# What is expected:
Output every record exactly, apart from its images.

Caption-style text data:

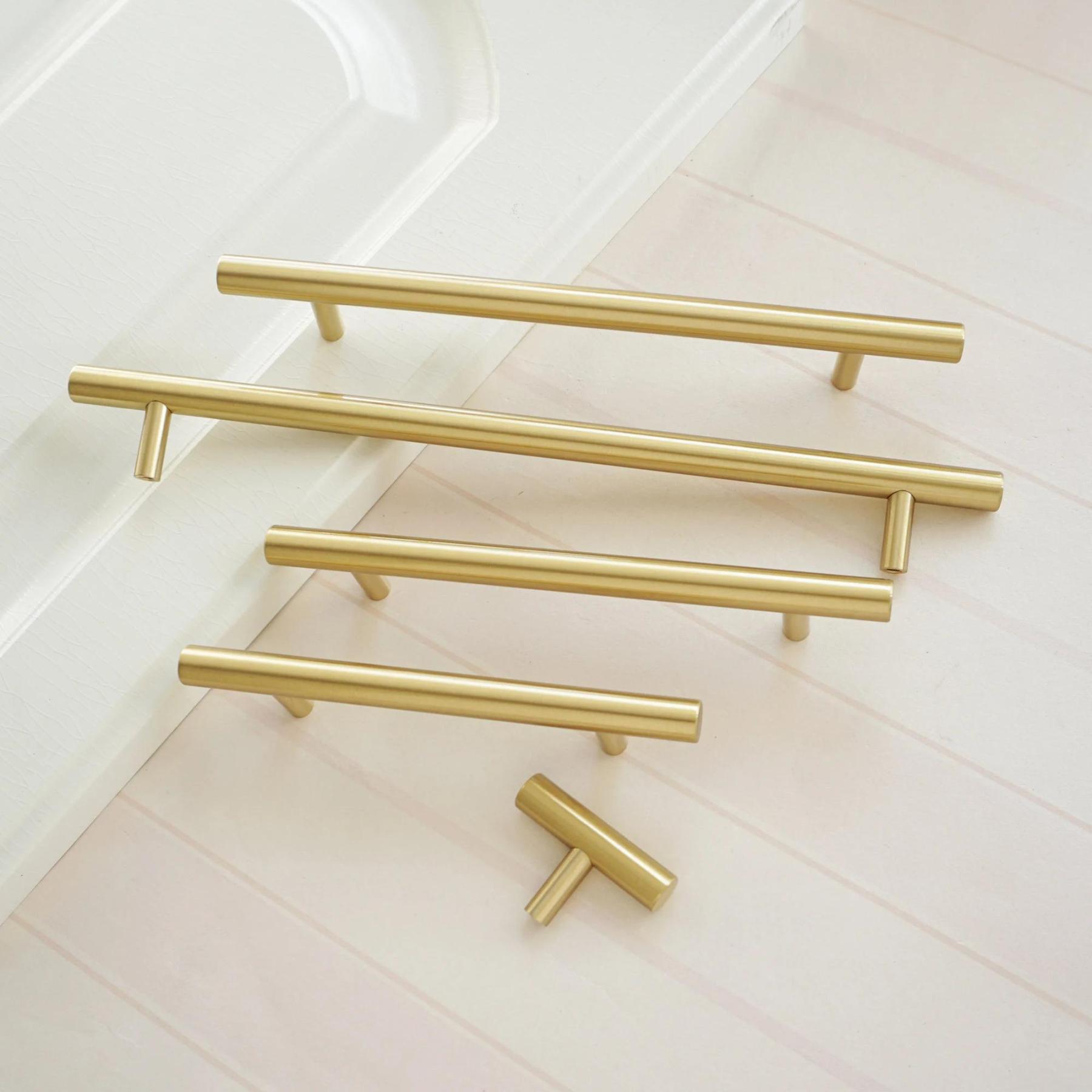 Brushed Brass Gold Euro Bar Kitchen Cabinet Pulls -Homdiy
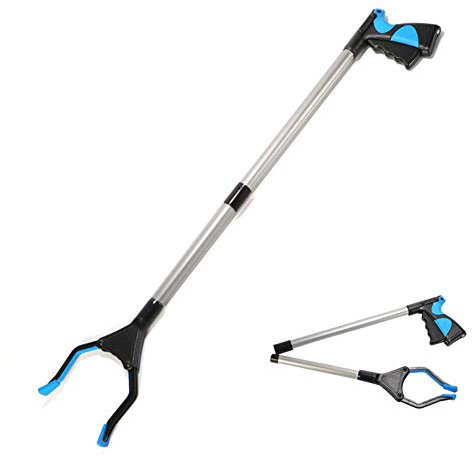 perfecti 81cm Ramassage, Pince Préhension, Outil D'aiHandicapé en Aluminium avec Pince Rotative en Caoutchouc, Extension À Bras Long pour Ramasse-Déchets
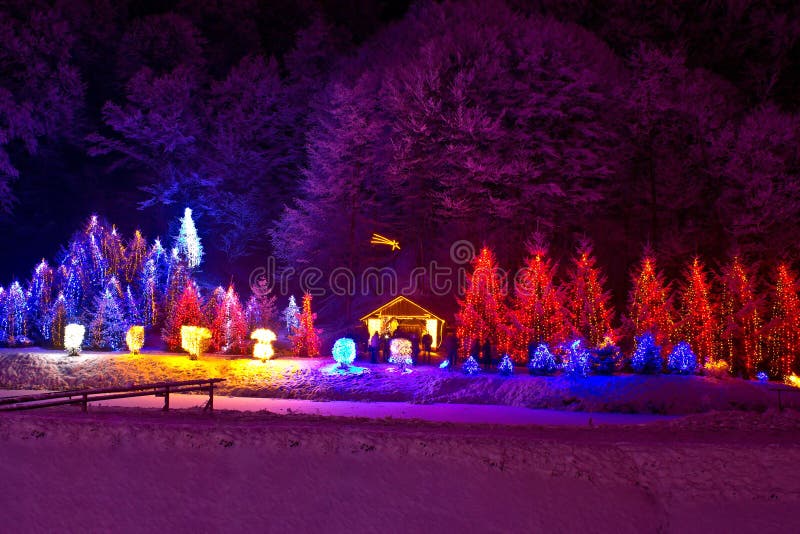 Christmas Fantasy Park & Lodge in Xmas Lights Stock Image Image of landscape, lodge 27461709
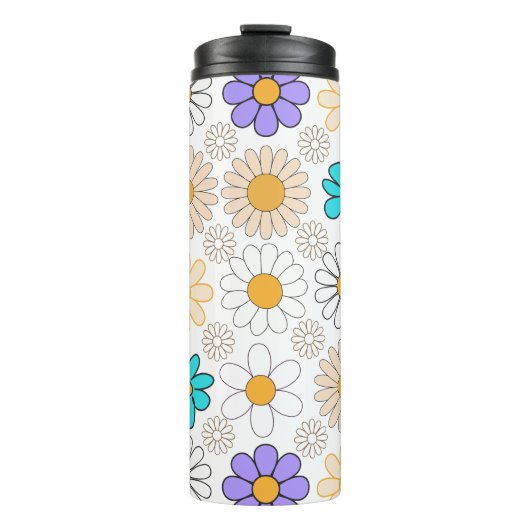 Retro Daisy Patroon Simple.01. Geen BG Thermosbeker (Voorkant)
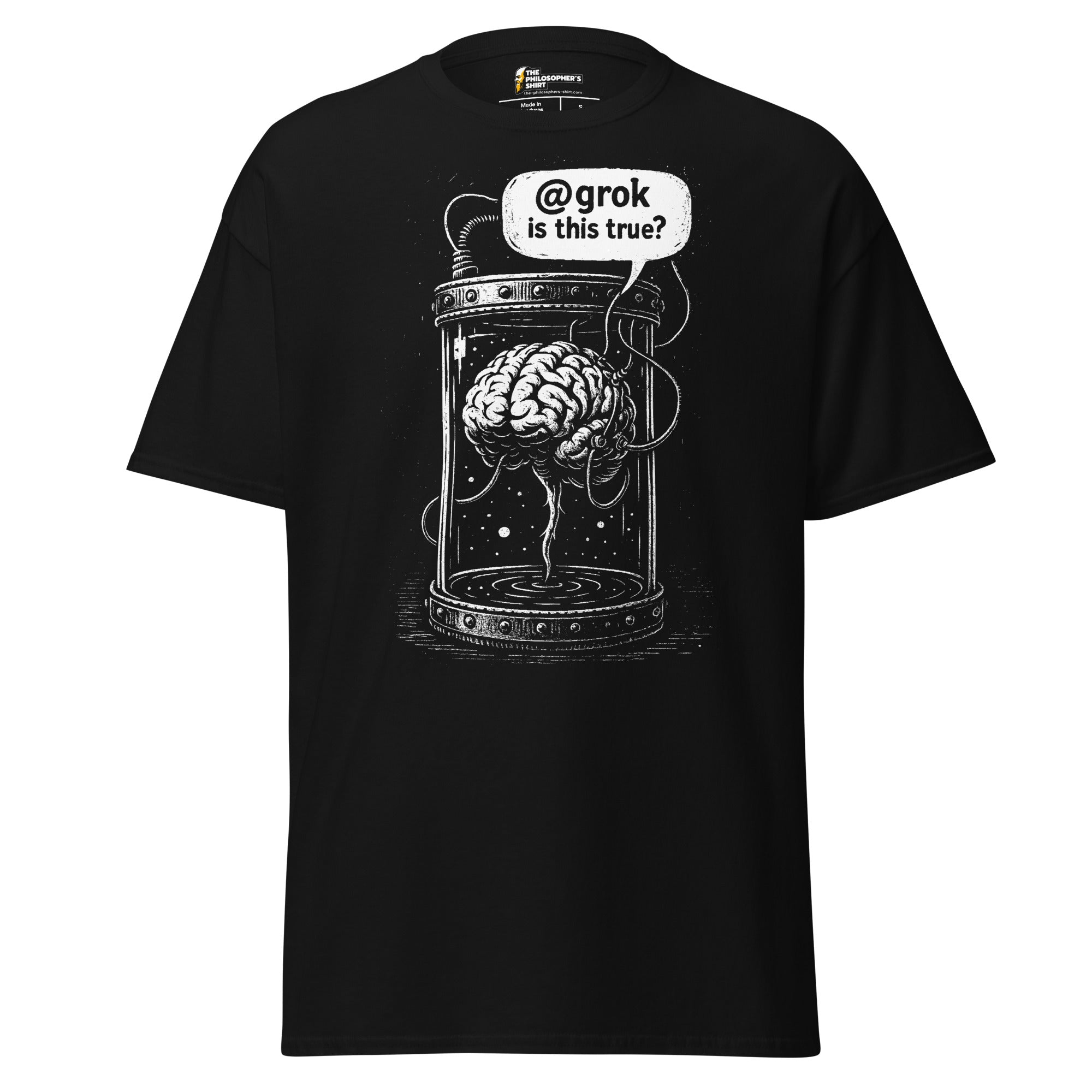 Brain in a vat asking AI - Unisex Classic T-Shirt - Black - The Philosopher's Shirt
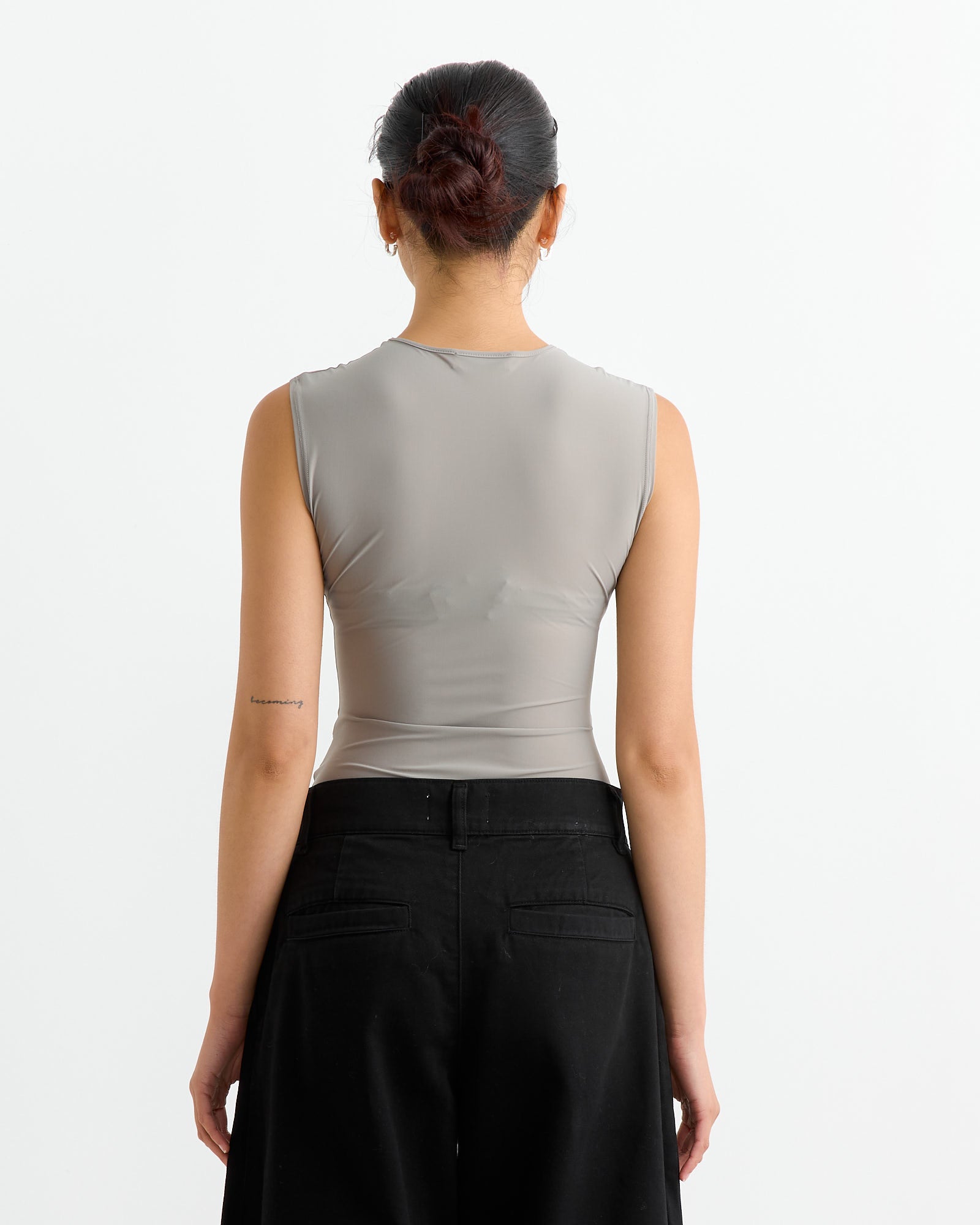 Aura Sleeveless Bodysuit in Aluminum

# Result:
 Brushed Brass Gold Euro Bar Kitchen Cabinet Pulls -Homdiy
 perfecti 81cm Ramassage, Pince Préhension, Outil D'aiHandicapé en Aluminium avec Pince Rotative en Caoutchouc, Extension À Bras Long pour Ramasse-Déchets
 Christmas Fantasy Park & Lodge in Xmas Lights Stock Image Image of landscape, lodge 27461709
 Retro Daisy Patroon Simple.01. Geen BG Thermosbeker (Voorkant)
 Brain in a vat asking AI - Unisex Classic T-Shirt - Black - The Philosopher's Shirt
 Aura Sleeveless Bodysuit in Aluminum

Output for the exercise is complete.